**What to do**: The lines below from the one with "Set de construcție" up to and including the one with "ผ้าเบรคหน้า ผ้าเบรค TOYOTA" are what you should set down, exactly and without pictures.

**Task data**:
● ● ● ● ● ● ●

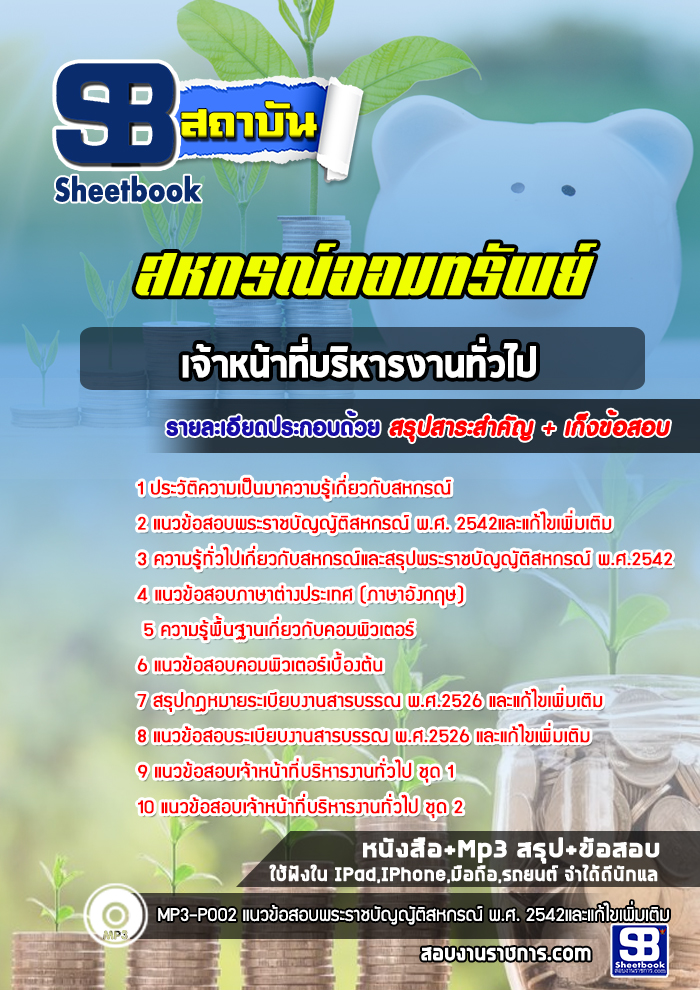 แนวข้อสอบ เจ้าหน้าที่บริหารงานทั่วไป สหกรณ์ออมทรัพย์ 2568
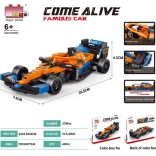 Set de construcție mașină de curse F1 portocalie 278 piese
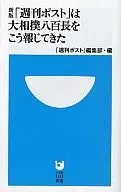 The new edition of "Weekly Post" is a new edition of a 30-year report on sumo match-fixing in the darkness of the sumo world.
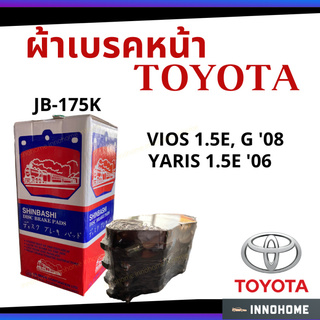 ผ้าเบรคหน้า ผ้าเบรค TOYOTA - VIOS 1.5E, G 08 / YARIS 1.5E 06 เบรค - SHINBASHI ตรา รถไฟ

● ● ● ● ● ● ●

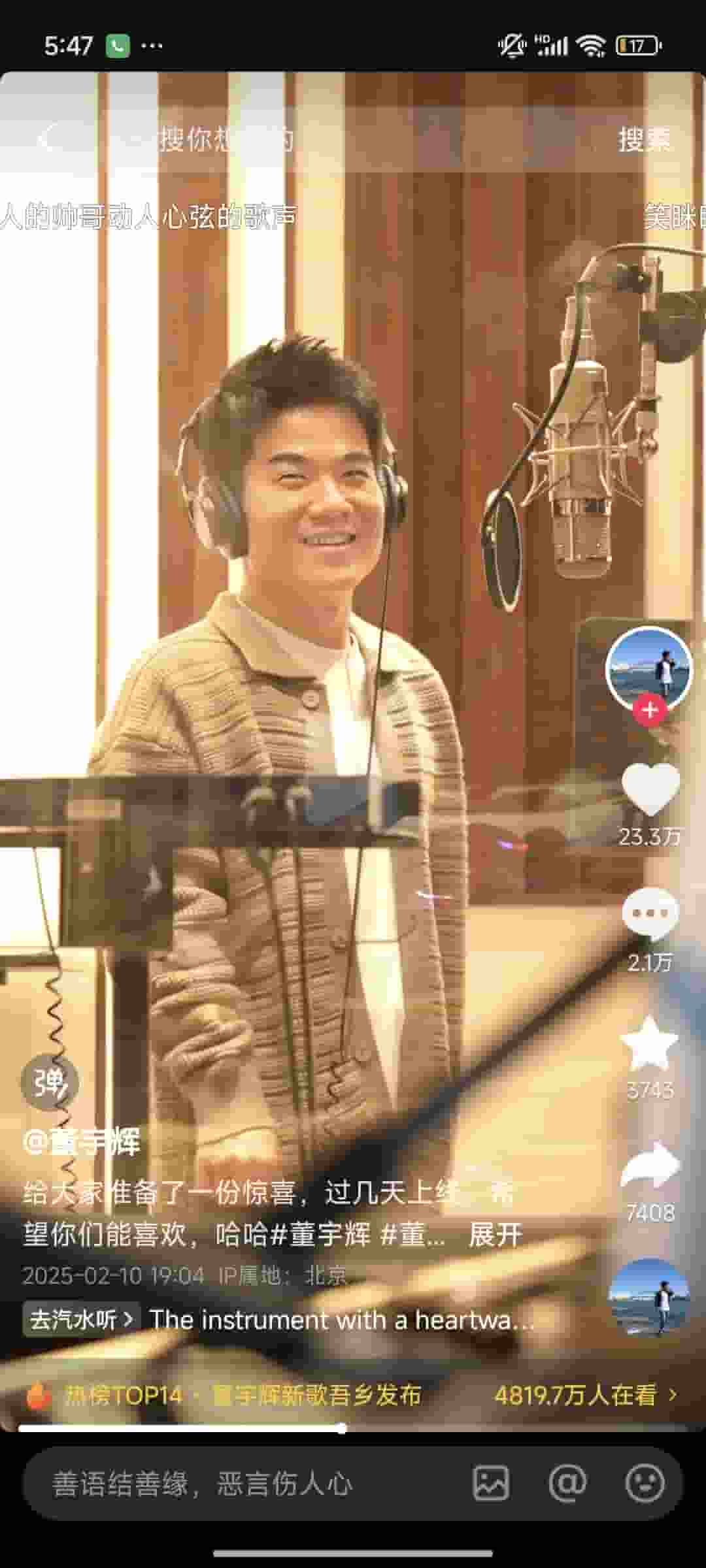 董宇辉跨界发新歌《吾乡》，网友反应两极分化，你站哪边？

● ● ● ● ● ● ●

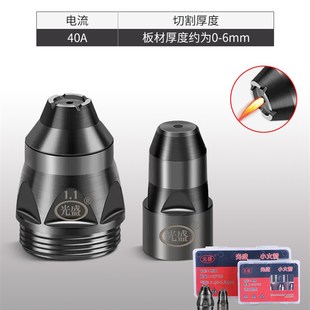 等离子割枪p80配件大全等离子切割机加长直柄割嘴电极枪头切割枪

● ● ● ● ● ● ●

**Final answer**:
 Set de construcție mașină de curse F1 portocalie 278 piese
 The new edition of "Weekly Post" is a new edition of a 30-year report on sumo match-fixing in the darkness of the sumo world.
 ผ้าเบรคหน้า ผ้าเบรค TOYOTA - VIOS 1.5E, G 08 / YARIS 1.5E 06 เบรค - SHINBASHI ตรา รถไฟ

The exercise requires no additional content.